Entre le XVIème et le XVIIème siècles, l’Empire ottoman est à son apogée, et ses institutions les plus prestigieuses fascinent l’Occident. Parmi celles-ci, le harem sultanien, version aboutie et sublimée du harem de l’élite urbaine. Cette institution, puissante et fastueuse, au cœur de l’Empire et de la Cité, subjugue et fait fantasmer le monde entier, quitte souvent à le mythifier…
Toute la science des historiens n’y peut rien : la force des images s’impose aux mots savants. La littérature et la peinture orientaliste nous ont transmis des émotions, des effigies, des symboles, avec une récurrence si forte qu’ils se sont inscrits dans notre subconscient collectif. Comment ne pas admirer la grâce des jeunes femmes nues en train de prendre leur bain, la lascivité des odalisques, affalées nonchalamment dans un décor de luxe, ressentir le confinement des espaces devant la multitude des femmes entassées dans ces intérieurs, et l’oisiveté de leur vie, toute occupée de danses, de réceptions, de détente devant un café ou près d’un narghilé? Comment ne pas anticiper des intrigues pour séduire l’unique homme et maître de cet espace, la noirceur des ambitions, la violence des passions, qui mêlent sexe et pouvoir comme un tout indissociable? Voilà le legs de l’orientalisme, contre lequel il faut, encore et toujours, se battre. Déconstruire, une fois encore, l’illusion.

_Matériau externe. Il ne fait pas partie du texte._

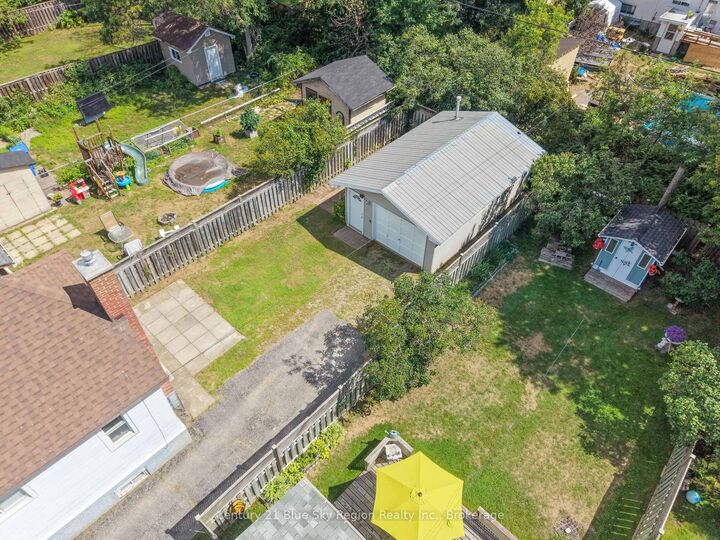 Property Photo:  452 King Street W  ON P1B 6A2 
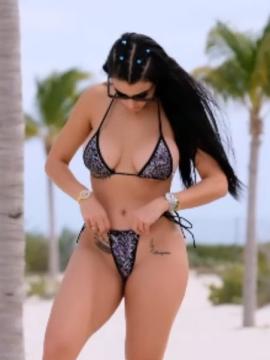 OnlyFans - BIKINI GIRLS 👧 😍 Scene 10432 — photo 16 of 20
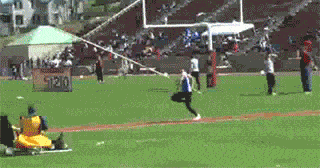 |搞笑GIF:这一跳我给99分,剩下的一份给撑杆!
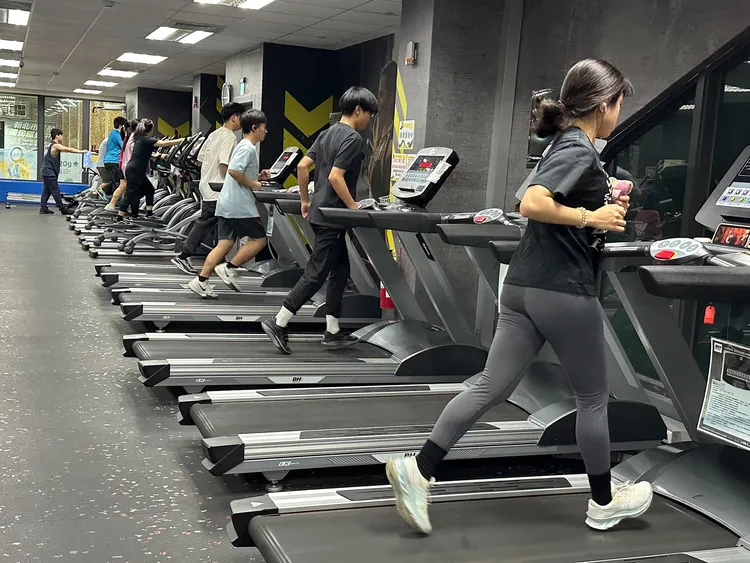 五股運動中心新春期間購入單次票，即可參加幸運擲骰子一次。體育局提供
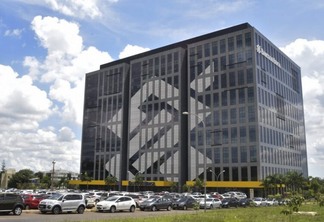 Banco do Brasil (BBAS3) tem alta de 54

La première illusion est l’islamisation du harem. Celui-ci serait une caractéristique des sociétés musulmanes, l’expression de la séparation des sexes prônée par l’islam… Or, ce n’est ni une invention ni une spécificité de l’islam. Le choix du terme arabe, harem, est coupable de culturaliser un phénomène bien antérieur (de plusieurs millénaires !) à la révélation mohammadienne. Un autre terme, occidental, existe pourtant: le gynécée. Le terme est grec, car la Grèce antique pratiquait la séparation des sexes et enfermait, sans vergogne, ses femmes dans des gynécées, des harems donc. La christianisation du monde méditerranéen ne met d’ailleurs pas un terme à l’existence des gynécées: les Byzantins les reprennent à leur compte.